## Looking for world population?

 - The last data from the World Bank is the global county population in 2016
 - You can find the top countries of populations
 - You also can find it in the world map.

---

In [None]:
#pip install datapackage

In [None]:
# Some world data are summarized data
# - we are looking for single country population data

In [None]:
# Import pandas 
import pandas as pd 
import datapackage
import matplotlib.pyplot as plt

# interact:  Draw a bar by top numbers
from ipywidgets import interact


In [None]:
data_url = 'https://datahub.io/JohnSnowLabs/population-figures-by-country/datapackage.json'

# to load Data Package into storage
package = datapackage.Package(data_url)

# to load only tabular data
resources = package.resources
for resource in resources:
    if resource.tabular:
        df = pd.read_csv(resource.descriptor['path'])
df.set_index("Country_Code", inplace = True) 

In [None]:
# df.head()
# print(df.shape)

# the most recent year: 2016
df16= df.iloc[:, -1]
# df16.sort_values().tail(20)

In [None]:
# Find the country code and merge them

In [None]:
url = "https://gist.githubusercontent.com/tadast/8827699/raw/3cd639fa34eec5067080a61c69e3ae25e3076abb/countries_codes_and_coordinates.csv"
df_code3 = pd.read_csv(url)
code3 = df_code3["Alpha-3 code"][0]

# for i, c in enumerate(code3):
#     print(i,c)
# # the length is not 3, and the longtitude/latitude have the same problem. 

# reset to 
df_code3["Code3"] = df_code3["Alpha-3 code"].map(lambda x: x.strip()[1:-1] )
df_code3["Lat"] = df_code3["Latitude (average)"].map(lambda x: x.strip()[1:-1]) 
df_code3["Long"] = df_code3["Longitude (average)"].map(lambda x: x.strip()[1:-1]) 

# set index 
df_code3.set_index("Code3", inplace=True )

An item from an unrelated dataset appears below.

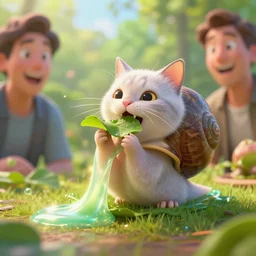 joyful ( ( snailkitten ) ) eating a small delicious looking ( ( leaf ) ), medium shot, radiant slime trail, vibrant, artstations, octane render, by edgar maxence and ross tran and michael whelan, photorealistic anamorphic lens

# keep only the long and lat cols.
df_code3=df_code3.iloc[:, [-2, -1]]
# df_code3.shape # 256 rows


In [None]:
# there are no missing value, but some duplicated: 24 rows
df_code3.isna().sum() # none

# du=df_code3[df_code3.duplicated()] # 24 : 12 are extra
# print(du.size)

#remove
df_code3 = df_code3.drop_duplicates()
# df_code3

In [None]:
# Merge

In [None]:
# use left-join-right
df_m= df_code3.join(df) 
# df_m

In [None]:
# some country's name is missing: 32 countries
df_m.Country.isna().sum()

# # keep only the country which has name in it 
df_good = df_m[df_m.Country.notna()]

# df_good

In [None]:
# drop duplicated: non
# df_good.duplicated().sum()


In [None]:
# set-index by Country name
df_good.set_index(["Country"], inplace=True)

# no duplicated
# df_good[df_good.duplicated()].sum().sum()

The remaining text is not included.